Two year old Elodie lives with her mum Tasha in East Yorkshire. Elodie sustained a brain injury at birth, and needs a variety of equipment to support her movement and development. However, as her mum Tasha explains, this equipment can be prohibitively expensive for families with disabled children.
We’re incredibly grateful for Tasha and Elodie for sharing their story with us, and we’re delighted to be able to provide funding for the new buggy which will help them get out and about, making life that little bit easier.
If you can help us help more families like Elodie and Tasha, please donate today.
TRANSCRIPT
Everything in Elodie’s body works fine, but her brain just doesn’t
talk to any of it. So there’s nothing wrong with her eyes, her ears, or her hands,
her brain just doesn’t tell them how to work.
My pregnancy was absolutely fine, then she came eight weeks
early. She was put on a monitor when we got there and she said that she had had
a dip in her heart rate, so they wanted to keep us in overnight for monitoring.
Then the doctors came in and said they needed to get the baby out in the next
fifteen minutes, so they rushed us down to theatre.
Elodie was taken straight to NICU and then over the next few
days, she started presenting with symptoms of an oxygen starvation. She went
for an MRI and they then told us that she had a severe brain injury, survival
would be rare, she wouldn’t walk, talk, cry or anything. So we were in NICU for
60 days.
I met Scott in Australia about six years ago, he had two
children there, they were three and six when we met. When Elodie was born and
we got the news that she had a brain injury, and the level of care she’d
require… the NHS have to tell you the worst case scenario, and I get that from
their point of view. But I think when you’re finding out something as severe as
that, it’s probably the worst thing you can do because you lose hope.
I refused to, but he lost that hope. He listened to everything
they said and thought, that’s it, that’s our life over. He lost his mum that
January and that absolutely floored him, on top of this, and then after a few
attempts, he committed suicide in May 2022. He just couldn’t fight any more for
her, and he was convinced that she wasn’t going to survive. So, that just left
me and her.
So we applied to wheelchair services to get Elodie a chair because
by this point, she was starting to show signs of scoliosis, her spine was
starting to curve, and she was just in a regular buggy. We went to the
wheelchair assessment place and after explaining to them how my knees are
really week, I live in a house that is not fit for purpose with a special needs
child and I’m on my own and the buggies they were showing me were really cumbersome,
they were 25 kilos plus, and the chap just looked at me and went, ‘Yeah, they’re
probably not right for you.’
Again I’m back to this fight, now I’m gonna have to fight for
a buggy that suits Elodie.

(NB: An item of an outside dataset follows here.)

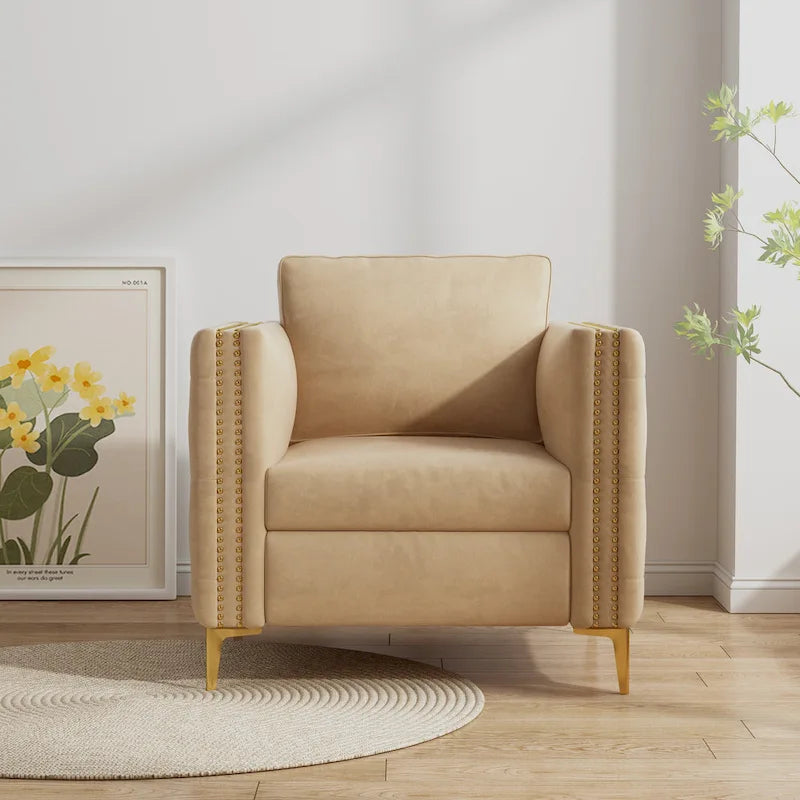 Fauteuil d'appoint capitonné en velours kaki, une place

So I did some research and found a buggy called the
Hoggy Buggy, it’s perfect for Elodie. It’s narrow, it’s half the weight of the other
ones, you can turn it so with Elodie’s respiratory issues she can face me. It’s
six grand – why? The NHS ones are a fraction of that.
This is Elodie, are you going to say hello? Can you say hello?

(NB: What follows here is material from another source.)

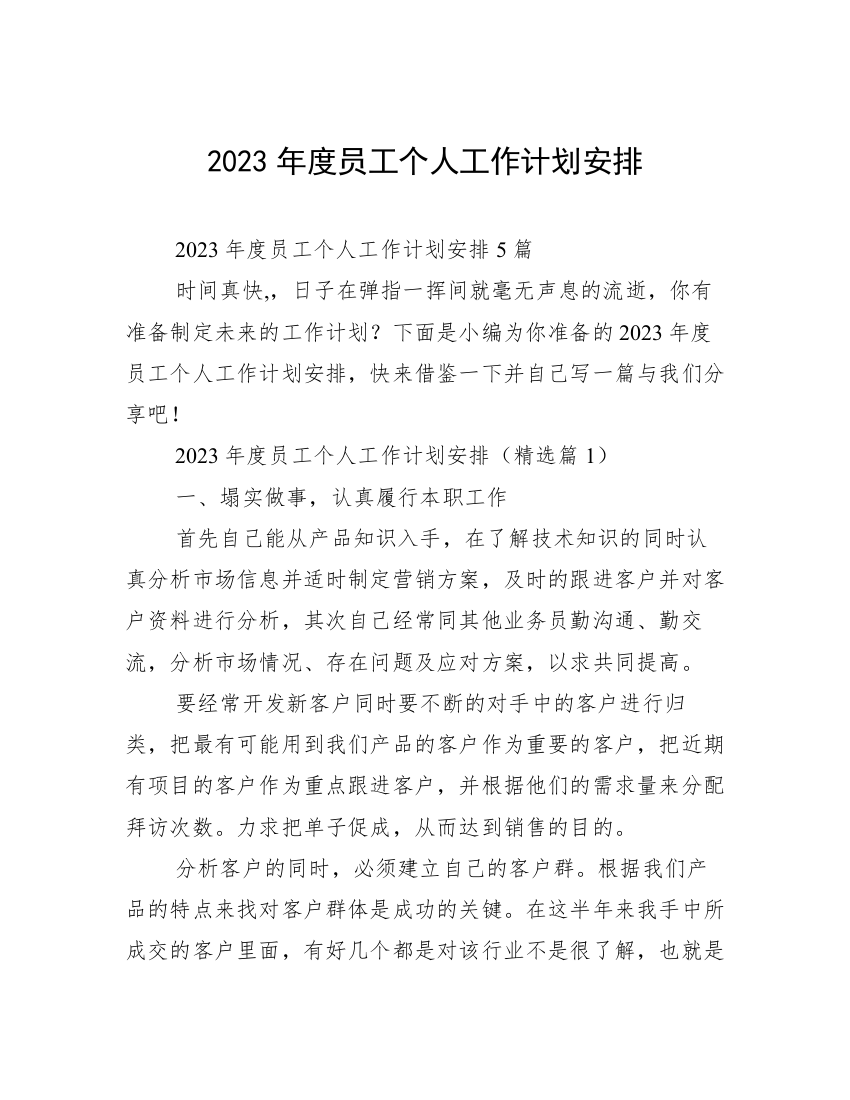 2023年度员工个人工作计划安排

(Elodie babbles). Good girl!
In Elodie’s two years we’ve been privately fundraising for
the majority of her equipment and it’s not just the things that people expect
you to fundraise for. She’s on CBD oil to stop her seizures, that’s 500 pounds
a month. What I find with fundraising is, you know, you only have a select
amount of people you can approach to raise money and you start needing a buggy,
you raise money for that or you raise money for a walker and then something
else comes along, and how many times can you go to that same pool of people and
ask them to help you?
We’ve generously been given the money for the buggy from
Yorkshire Children’s Charity and I think what makes them so special is the fact
that they understand that it isn’t just a one-off piece of equipment that we
will require for Elodie. It was the easiest – of all my battles since Elodie
was born, it was the quickest process, it was the easiest process. What you
find with having a special needs child is you have to go over and over and over
what has happened to you. You didn’t have that with this, it was four really
quick questions and I think within a matter of days we had an answer. I got an
email when I was at my brother’s house and I burst into tears and said ‘Finally,
someone’s on our side’.
My hopes for the future… I just want her to live. If she can
have a life, a pain-free life, then we’ve won, because we were told it wouldn’t
happen. As stupid as it sounds, my biggest milestone for her would be to see
her smile. Because she’s never smiled before, so that would be her biggest achievement
for me, because then I’d know she was happy.
(To Elodie) You’re my life now, pudding. Yes you are.